***** Data to process

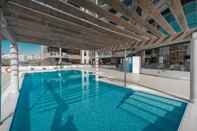 Swimming Pool HiGuests - Burj Al Nahda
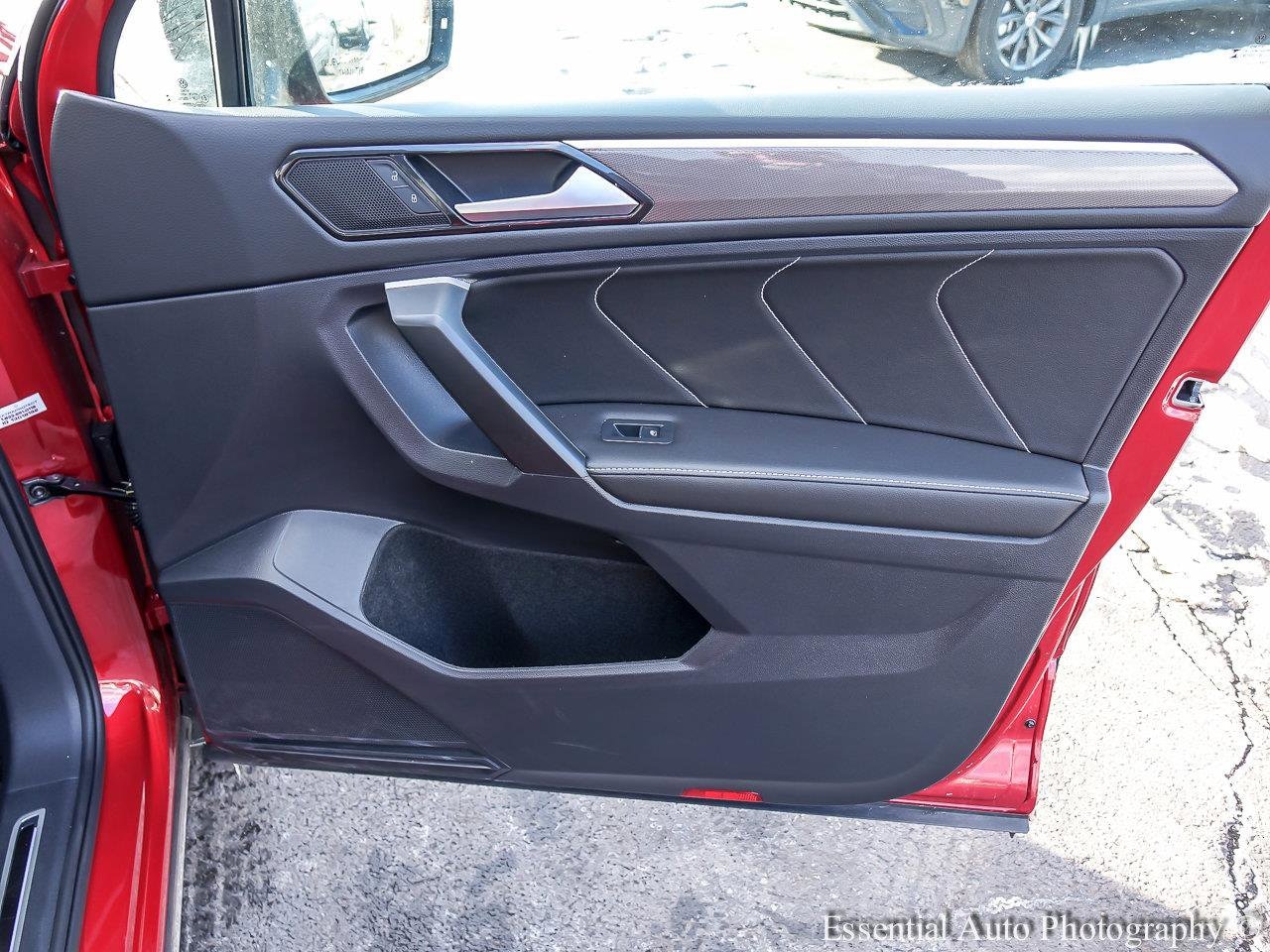 2024 VOLKSWAGEN TIGUAN - Image 24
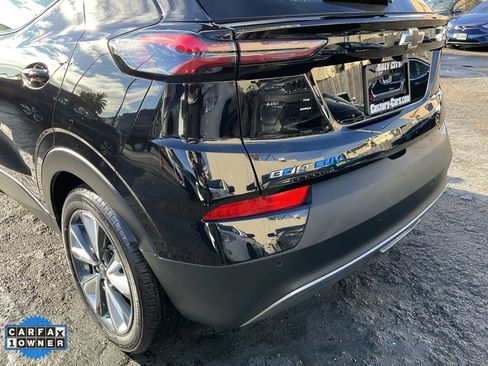 Used 2022 Chevrolet Bolt EUV LT w/ Convenience Package image 78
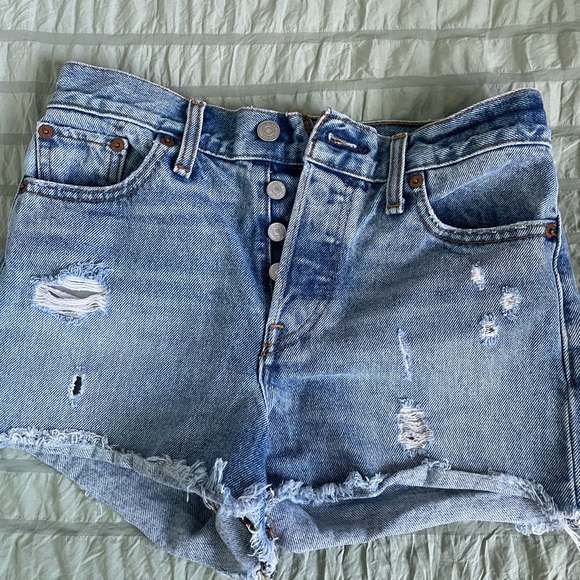 Distressed Levi's Jean Shorts - Picture 3 of 3
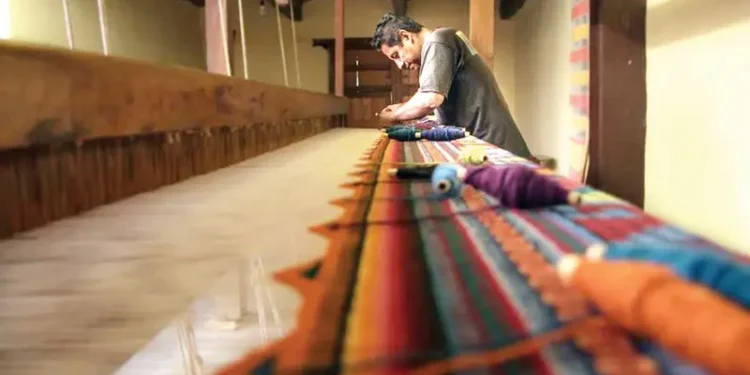La tradición textil de Teotitlán del Valle se exhibe durante la Semana Santa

**********

Exercise » Reproduce the data above exactly, leaving out any picture in it.

Answer »
 Swimming Pool HiGuests - Burj Al Nahda
 2024 VOLKSWAGEN TIGUAN - Image 24
 Used 2022 Chevrolet Bolt EUV LT w/ Convenience Package image 78
 Distressed Levi's Jean Shorts - Picture 3 of 3
La tradición textil de Teotitlán del Valle se exhibe durante la Semana Santa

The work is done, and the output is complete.